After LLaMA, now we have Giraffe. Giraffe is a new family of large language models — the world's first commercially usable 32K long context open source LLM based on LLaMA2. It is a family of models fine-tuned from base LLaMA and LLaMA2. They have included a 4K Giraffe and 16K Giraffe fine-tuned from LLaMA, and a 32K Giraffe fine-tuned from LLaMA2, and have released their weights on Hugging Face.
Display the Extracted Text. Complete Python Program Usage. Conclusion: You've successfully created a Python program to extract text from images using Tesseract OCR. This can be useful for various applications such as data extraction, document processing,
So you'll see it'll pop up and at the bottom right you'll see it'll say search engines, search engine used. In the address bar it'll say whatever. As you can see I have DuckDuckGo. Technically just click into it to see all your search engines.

==

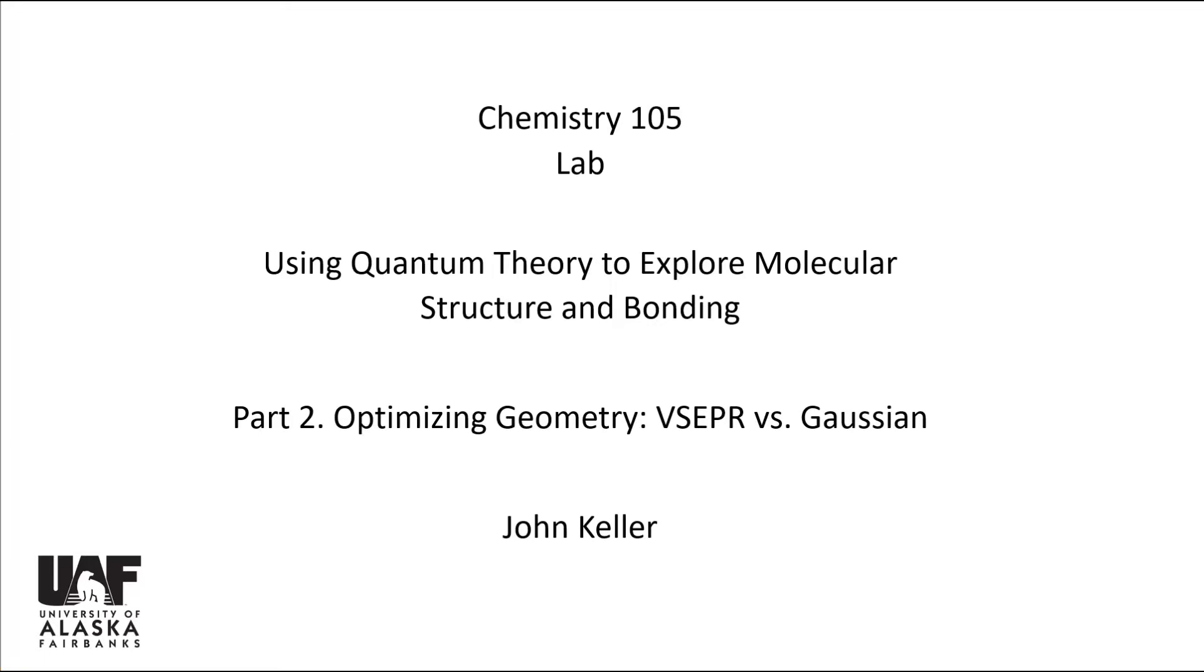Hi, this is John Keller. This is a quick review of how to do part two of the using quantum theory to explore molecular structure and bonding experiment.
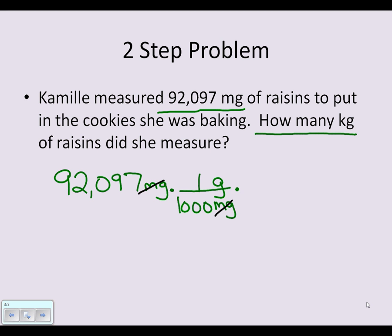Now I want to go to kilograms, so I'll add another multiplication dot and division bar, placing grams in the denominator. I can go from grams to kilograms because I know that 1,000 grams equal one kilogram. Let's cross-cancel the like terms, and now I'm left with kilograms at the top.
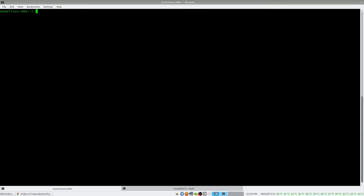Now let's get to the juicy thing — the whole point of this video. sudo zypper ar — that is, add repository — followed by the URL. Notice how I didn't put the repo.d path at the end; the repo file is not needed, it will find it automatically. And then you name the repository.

__YOUR INSTRUCTIONS__
Give back exactly the lines of the listing above that run from the line with "After LLaMA, now" to the line with "So you'll see", inclusive.

__OUTPUT FOR THIS TASK__
After LLaMA, now we have Giraffe. Giraffe is a new family of large language models — the world's first commercially usable 32K long context open source LLM based on LLaMA2. It is a family of models fine-tuned from base LLaMA and LLaMA2. They have included a 4K Giraffe and 16K Giraffe fine-tuned from LLaMA, and a 32K Giraffe fine-tuned from LLaMA2, and have released their weights on Hugging Face.
Display the Extracted Text. Complete Python Program Usage. Conclusion: You've successfully created a Python program to extract text from images using Tesseract OCR. This can be useful for various applications such as data extraction, document processing,
So you'll see it'll pop up and at the bottom right you'll see it'll say search engines, search engine used. In the address bar it'll say whatever. As you can see I have DuckDuckGo. Technically just click into it to see all your search engines.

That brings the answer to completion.